3- Koronavirüs pandemisi dünya kapitalist krizini tetikleyen bir unsur oldu. Pandeminin yol açtığı buhran nedeniyle, ILO’ya göre, en az 25 milyon insan daha işsiz kalacak. Dünya eskisi gibi olmayacak. Ancak emperyalizm ve IMF, her zaman olduğu gibi, büyük işadamları ve çokuluslu şirketler için milyonluk kurtarma paketleri öneriyor ve kapitalist krizin bedelinin dünya halklarına ödetilmesini savunuyor. Pandemi, sağlık sistemlerinde yapılan kesintilerin ne kadar korkunç sonuçlar yarattığını ortaya koydu. Son on yılda İtalya’da hastanelerde 37 milyar avro kesinti yapıldı. İngiltere ve İtalya’da hastanelerdeki yatak sayısı %30 azaldı. Amerika Birleşik Devletleri’nde nüfusun üçte biri sağlık sigortasına sahip değil. Macri’nin dört yılı boyunca yönettiği Arjantin’de ulusal sağlık bütçesi bu süreçte reel olarak %25 küçüldü; 2003’ten bugüne Peronistlerin veya Macri’cilerin yönettiği Buenos Aires eyaletindeyse sağlık bütçesi %5 azaltıldı. Benzer bir durum tüm eyaletlerde yaşandı. Bu nedenle Ulusal Laboratuvarlar ve Sağlık Kurumları İdaresi gibi farklı hastane ve kurumlardaki sağlık personeli, kaynak eksikliği, güvenlik sorunları ve iş sözleşmesi sistemi nedeniyle protestolar gerçekleştiriyor. Alberto Fernandez’in karantina uygulamasını açıkladığı esnada insanlar sağlık çalışanlarının emeklerini alkışlıyordu; İtalyan kentlerinde, Madrid’de ve başka başkentlerde gerçekleştirilen bu alkış eylemi aslen sağlık emekçilerinin talepleri tam olarak karşılandığı zaman hedefine ulaşacaktır.

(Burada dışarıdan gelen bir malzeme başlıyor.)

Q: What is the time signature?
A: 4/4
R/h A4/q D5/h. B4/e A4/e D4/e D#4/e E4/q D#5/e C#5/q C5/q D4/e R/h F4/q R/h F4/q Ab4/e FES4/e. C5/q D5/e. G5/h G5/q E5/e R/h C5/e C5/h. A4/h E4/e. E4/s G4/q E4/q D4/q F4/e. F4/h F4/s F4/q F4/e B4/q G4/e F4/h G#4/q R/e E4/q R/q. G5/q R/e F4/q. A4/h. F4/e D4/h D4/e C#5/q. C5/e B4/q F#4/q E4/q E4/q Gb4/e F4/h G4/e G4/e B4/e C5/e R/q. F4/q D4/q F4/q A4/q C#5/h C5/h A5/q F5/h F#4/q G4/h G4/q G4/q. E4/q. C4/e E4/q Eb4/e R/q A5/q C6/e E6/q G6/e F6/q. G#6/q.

Hükümet tarafından sağlık bütçesine ek olarak açıklanan acil durum ödeneği son derece düşük: Sadece 1,7 milyar Arjantin pesosu. Oysa yeni hükümet göreve başladığından beri her gün dış borç için bu miktarın iki katını ödüyor. Buenos Aires valisi Kicilloff 250 milyon dolar borç ödemesi yaptı, merkezi hükümet geçen ay faiz ödemelerine 40 milyar peso ayırdı ve 2019 sonunda kabul edilen Acil Durum Yasası’nda yine faiz ödemlerine 4,5 milyar dolar ayrıldı. Hükümet emekli maaşlarında kesintiye giderken, petrol ve madencilik şirketlerinin vergi borçlarını affediyor ve bankaların gelir vergisini erteliyor. Demek ki hükümetin öncelikleri belli.

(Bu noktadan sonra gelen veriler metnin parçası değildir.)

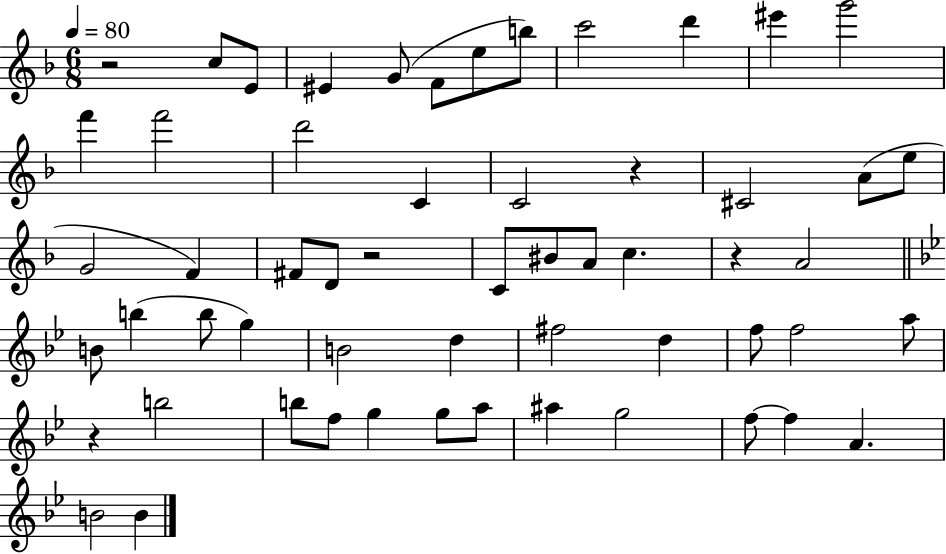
R/h C5/e E4/e EIS4/q G4/e F4/e E5/e B5/e C6/h D6/q EIS6/q G6/h F6/q F6/h D6/h C4/q C4/h R/q C#4/h A4/e E5/e G4/h F4/q F#4/e D4/e R/h C4/e BIS4/e A4/e C5/q. R/q A4/h B4/e B5/q B5/e G5/q B4/h D5/q F#5/h D5/q F5/e F5/h A5/e R/q B5/h B5/e F5/e G5/q G5/e A5/e A#5/q G5/h F5/e F5/q A4/q. B4/h B4/q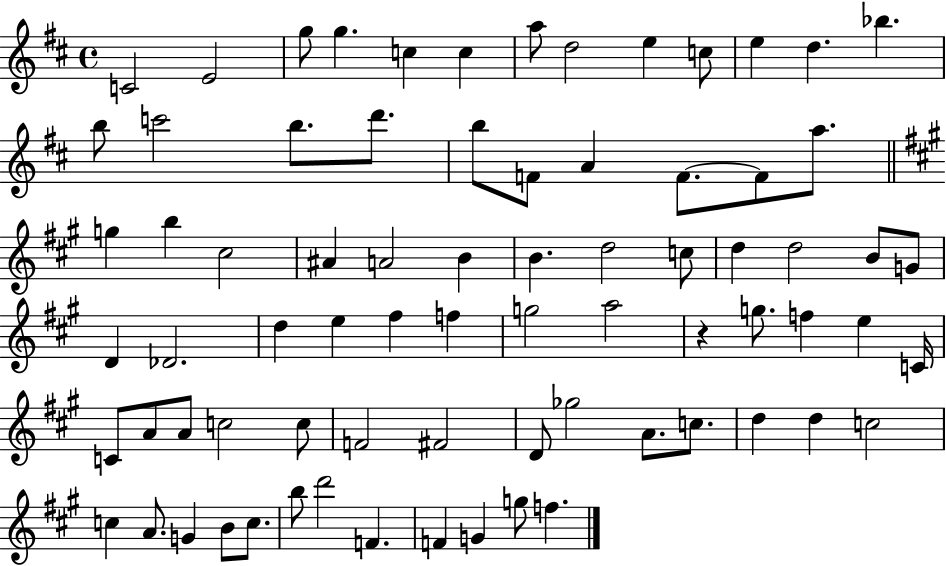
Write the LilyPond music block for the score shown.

{
  \clef treble
  \time 4/4
  \defaultTimeSignature
  \key d \major
  c'2 e'2 | g''8 g''4. c''4 c''4 | a''8 d''2 e''4 c''8 | e''4 d''4. bes''4. | \break b''8 c'''2 b''8. d'''8. | b''8 f'8 a'4 f'8.~~ f'8 a''8. | \bar "||" \break \key a \major g''4 b''4 cis''2 | ais'4 a'2 b'4 | b'4. d''2 c''8 | d''4 d''2 b'8 g'8 | \break d'4 des'2. | d''4 e''4 fis''4 f''4 | g''2 a''2 | r4 g''8. f''4 e''4 c'16 | \break c'8 a'8 a'8 c''2 c''8 | f'2 fis'2 | d'8 ges''2 a'8. c''8. | d''4 d''4 c''2 | \break c''4 a'8. g'4 b'8 c''8. | b''8 d'''2 f'4. | f'4 g'4 g''8 f''4. | \bar "|."
}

4- Hükümetler durumdan istifade edip, güvenlik güçlerinin ve silahlı kuvvetlerin sokağa hâkimiyetine olanak tanıyan ulusal acil durum ve olağanüstü haller ilan ederek her türlü protestoyu engelliyor ve sosyal hayatı zapturapt altına alıyor. Bütün iktidar yürütme erkinde yoğunlaşıyor ve Arjantin’de de görüldüğü üzere sözde “cumhuriyetçi” Fernandez ve valilerin emriyle kongreler ve yasama organlarının işleyişi askıya alınıyor. Hükümet “evde kalın” çağrısı yapıyor, ama kamu sağlığı sistemindeki yıkımı aşmaya uğraşmıyor ve krizle mücadele etmek için yapısal önlemler almıyor. Kısmen bile olsa emekçi kitlelerin sorunlarını ortaya koymaktan uzak duran CGT (Genel Emek Konfederasyonu) ve CTA (Arjantin Emekçileri Merkezi) ise, bu krizin faturasının da işçilere kesilmemesi için tam da işbirlikçi tutumlarından vazgeçmeleri ve işçilerin talep ve şikayetlerini sahiplenmeleri gereken bir zamanda, hâlâ hükümeti desteklemeye devam ediyor.

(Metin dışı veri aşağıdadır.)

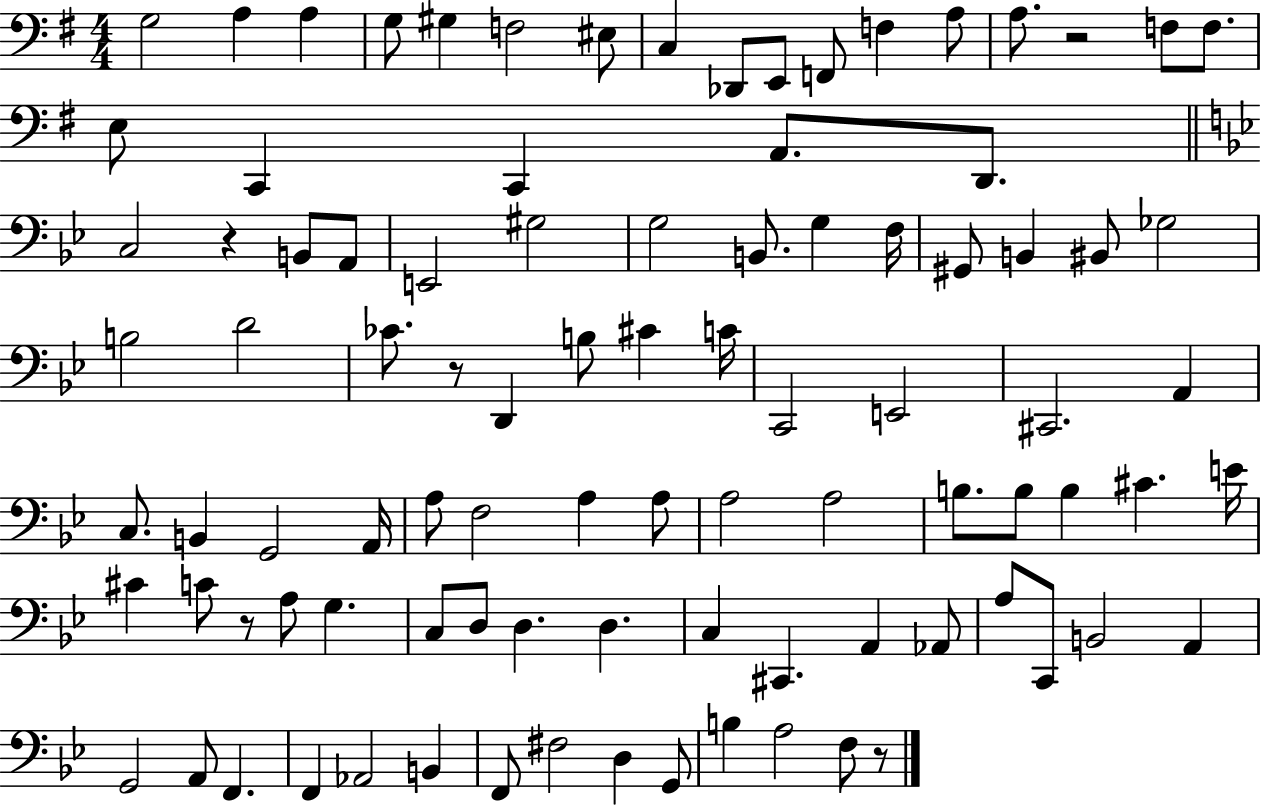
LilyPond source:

5- Sol Cephe – Birlik olarak biz, karşımızdakinin pandemi ve kamu sağlığı krizi olduğu kadar ekonomik, sosyal ve politik bir kriz olan bu durum karşısında, antikapitalist ve sosyalist bir program savunuyor ve şunları öneriyoruz:

  • Kaynaklar dış borç ve IMF ödemeleri için değil, devlet hastanelerinin ihtiyaçları, yatak kapasitesinin arttırılması, teknik ekipman, doktor ve sağlık çalışanlarının ücretlerinin artırılması için harcanmalıdır.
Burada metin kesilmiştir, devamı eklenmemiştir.